Hay, en todos los personajes, una exageración patética, un rigor de las desdichas, tan agresivo que cuando se quieren redimir lo consiguen entre ellos, pero no con el lector. Ya es un poco tarde. Franzen abarca demasiado en una construcción por meandros, largos y muy detallados episodios de cada uno de los miembros de la familia, contados a toda castaña, como pendiente de que el lector no se enfríe, echando en cada página un tarugo de historia tremenda. A pesar del final bíblico (Dios los castiga en serio y consigue que vuelvan a ser una familia pasable, desavenida y normal), la novela está llena de principios más que de desarrollos. En cada uno de los personajes principales hay una novela resuelta de cualquier manera. Juntos, y a pesar de la pericia técnica, un poco sobrecargada, un poco acelerada, no forman un cuadro convincente de la familia americana profunda de los años 70 sino una serie de episodios que por culpa de la histeria colectiva no contemplamos con traquilidad sino que los conocemos a base de titulares sensacionalistas. 

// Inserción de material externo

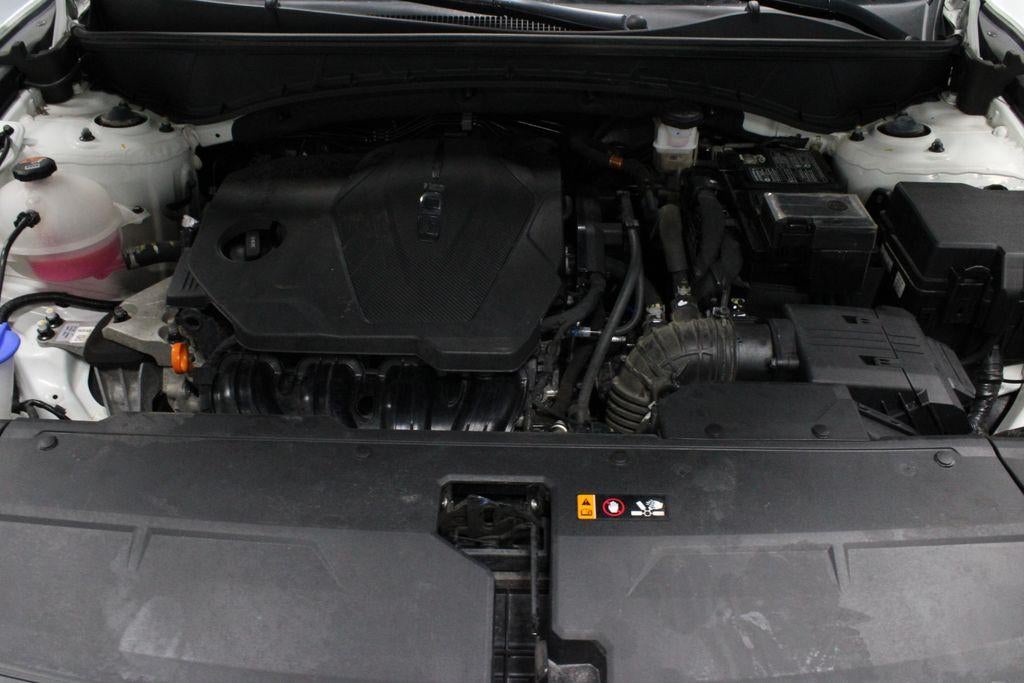 2025 Hyundai TUCSON SEL FWD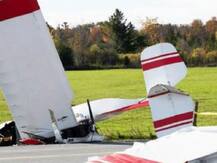 ਕੈਨੇਡਾ \'ਚ ਟਕਰਾਏ ਦੋ ਜਹਾਜ਼, ਪਾਇਲਟ ਦੀ ਮੌਤ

La inevitable comparación con Ford, con Acción de gracias, por ejemplo, deja bastante clara la diferencia. Ford emplea un realismo tan exhaustivo como envolvente, en el que los personajes son víctimas de sí mismos pero no tan estúpidos como para no ser capaces de reconocerlo y convivir con ello. Su narración es un río de aguas tranquilas, de situaciones complejas y prolongadas, duras pero jamás morbosas; de preguntas, no de respuestas, como recomendaba su maestro Carver. Y Franzen es un hábil ingeniero narrativo que cifra la ambientación en la documentación, no en el aire, no en el aroma de los tiempos, y la emplea con una velocidad sostenida y un constante cambiar de principio que hace llevadera la lectura, por más que —y eso es un mérito— Franzen no se limite a un lenguaje simple. Digamos que pone las estrategias de la literatura popular al servicio del lector culto. Noble empeño, desde luego, precisamente porque es muy difícil. Franzen está más pendiente de la velocidad que del paisaje, como el alemán ese raro que lleva en coche a la hija por una autopista italiana… Todo está bien hecho: los diálogos son verosímiles, las situaciones están bien descritas, los dramas bien planteados. Pero es excesivo, con ese exceso que desacredita, con ese pasarse que aburre, con demasiadas coincidencias, ese arte del azar como rima que tan pocos manejan bien. Los conflictos rebosan de carnaza y esa idea que tenemos en Europa del americano medio, entre infantil y condenado a vivir muy deprisa, quizá sea lo que desde el punto de vista estético más justificaría ese contenido tan innecesariamente desmadrado. 

Eurípides es el trágico que más ha influido en la posteridad, y también el que acabó con el género. Y eso que Eurípides pecaba por exceso de intensidad, no de peso. Leo en Montevideo, la última novela de Vila-Matas, una cita de Voltaire: «El secreto de aburrir es contarlo todo». Franzen no aburre, pero cuenta demasiado. 


Jonathan Franzen, Encrucijadas, trad. Eugenia Vázquez, Salamandra, 2021, 637 p.